Little tsunamis hit Crescent City frequently.  31 times they have been documented since 1933.  In 2007 one did $20 million dollars in damage to the harbor and the community began to get serious about being prepared for the next big one.  These evacuation maps were published and the community started practicing the live evacuation drills, holding one full scale evacuation last year.

I listened carefully to the instructions and made sure that our house was not in the evacuation zone.  I felt relieved to note that on the map just below we were about where the v lies in the word valley.  Safe I figured.  Of course, after hearing that the wave hit Japan and travelled over 6 miles inland, I'm not thinking my house is so safe anymore.


On Friday morning, March 11, 2011, just after midnight, my oldest son woke me by jiggling my foot, "Mom, There was just a huge earthquake in Japan and we are under Tsunami alert."  Ok, nothing new, I thought, why did you wake me up I thought,

 "Go back to bed" My husband murmured and we fell back into unconsciousness.  Then when the alarm rang I saw my phone lit up with messages from my brother in Virginia and My Mother in Wyoming asking if we were safe.  Then the school web site posted that all schools were cancelled and when I turned on the radio the evacuations had begun around 3 AM.

My boys fishing at small boat basin, Crescent City

KCRE & KPOD radio were amazing.  They stayed with the station all day, passing on information and letting people know what to do and where it was safe to go.  They kept a lot of people informed and out of the danger areas and the evacuation proceeded so smoothly thanks to them and all of our emergency services people like the CHP officers who were everywhere at once it seemed.

Del Norte High school and Smith River school were used to sheltered evacuees and other people headed up the hill to Hiouchi.


Sea lions on slip by Chartroom Restaurant

visitors always ignore the law about staying back from wild animals here but these guys move fast and have nasty teeth.
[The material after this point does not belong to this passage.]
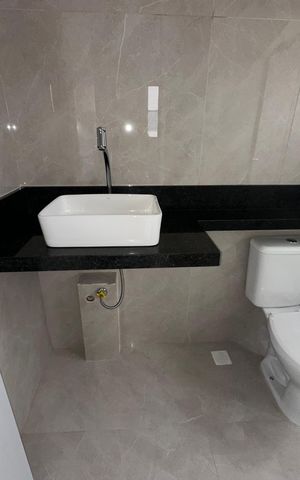 Apartamento para alugar com 55m², 2 quartos e 1 vaga Apartamento para alugar com 55m², 2 quartos e 1 vagaBanheiro da Suíte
Lady Washington and Hawaiian Chieftan Tall Ships come here frequently

Commercial boat basin before the Tsunami

When the surges did start coming in at 8:30 AM, they were like flushing and refilling the commercial boat basin every 10 minutes for over 12 hours.  the docks shattered, boats sank or were sucked out to sea.  Those that escaped had no place to come back to and had to make their way up and down the coast to find a safe haven.

This community once had sawmills and logging but is now largely a fishing community, bringing in Dungeouness Crab, prawns and salmon, steelhead and halibut.  Some people live on their boats but many more made their living on their boats.

The Bountiful before the Tsunami, she is one of the few to survive.


Small boat marina

Commercial boat basin again.
crab pots in harbor
The harbor looking peaceful and sleepy wrapped in mist
the day after , the citizens Dock still standing.

Still we were lucky, one person died as a result of being washed out while taking pictures at the Klamath river, others that were washed to sea at Pistol river made it back.  One person died on a boat in the Brookings / Harbor harbor but that was determined to be un-related to the tsunami.

After Tsunami even the parking lot was scattered with asphalt, boulders, logs and a chunk of sidewalk was missing


past missing walkway to Beacon Burger


toward south beach in Chartroom parking lot

You Think?

Already life is picking up the pieces and moving on, and our thoughts and prayers are with those in Japan who were far less lucky than we this time.